Task description =
From the line that contains "Vintage Sugar Bowl" through the closing line of the entries, write out each line exactly; pictures stay out.

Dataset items
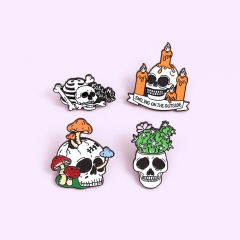 Wholesale Skull Alloy Mushroom Candle Cactus Brooch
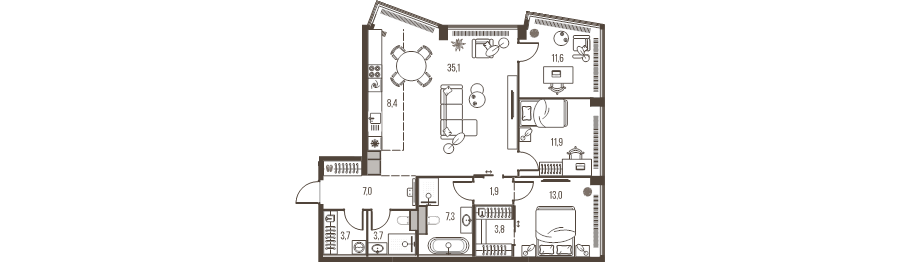 4 ккв (Евро) 107,4 м²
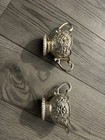 Vintage Sugar Bowl And Creamer Set  Chrome Floral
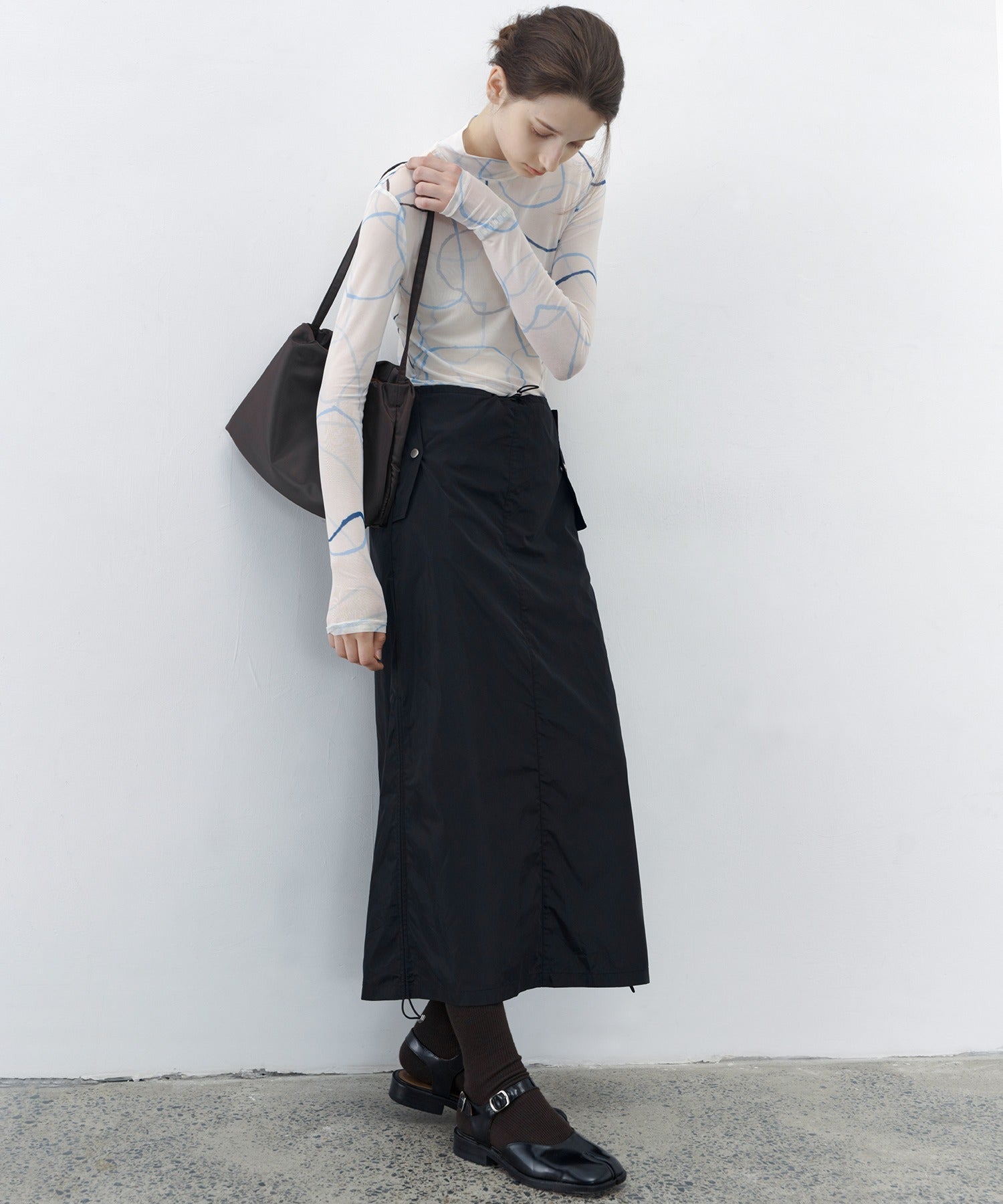 [tageechita] Side drawstring tight skirt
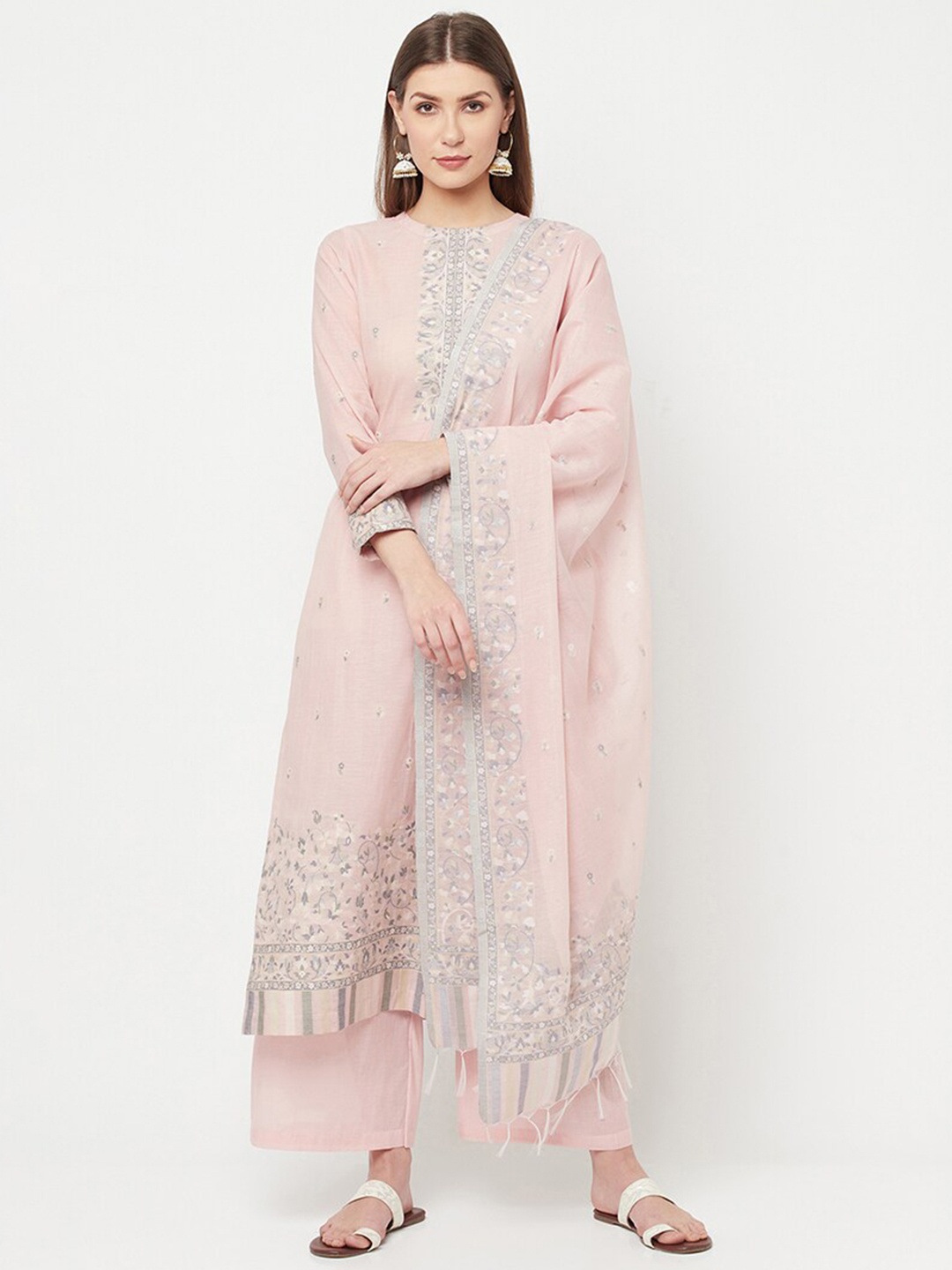 

Safaa Peach-Coloured & Grey Unstitched Dress Material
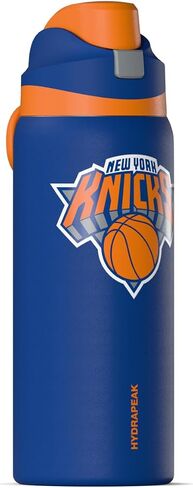زجاجة مياه Hydrapeak x NBA مرخصة رسميًا من New York Knicks Oasis سعة 32 أونصة مع زر ضغط لغطاء المضغ، زجاجة مياه من الفولاذ المقاوم للصدأ بدون قش، زجاجة مياه معزولة سعة 32 أونصة in Kuwait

Task result =
 Vintage Sugar Bowl And Creamer Set  Chrome Floral
 [tageechita] Side drawstring tight skirt

Safaa Peach-Coloured & Grey Unstitched Dress Material
زجاجة مياه Hydrapeak x NBA مرخصة رسميًا من New York Knicks Oasis سعة 32 أونصة مع زر ضغط لغطاء المضغ، زجاجة مياه من الفولاذ المقاوم للصدأ بدون قش، زجاجة مياه معزولة سعة 32 أونصة in Kuwait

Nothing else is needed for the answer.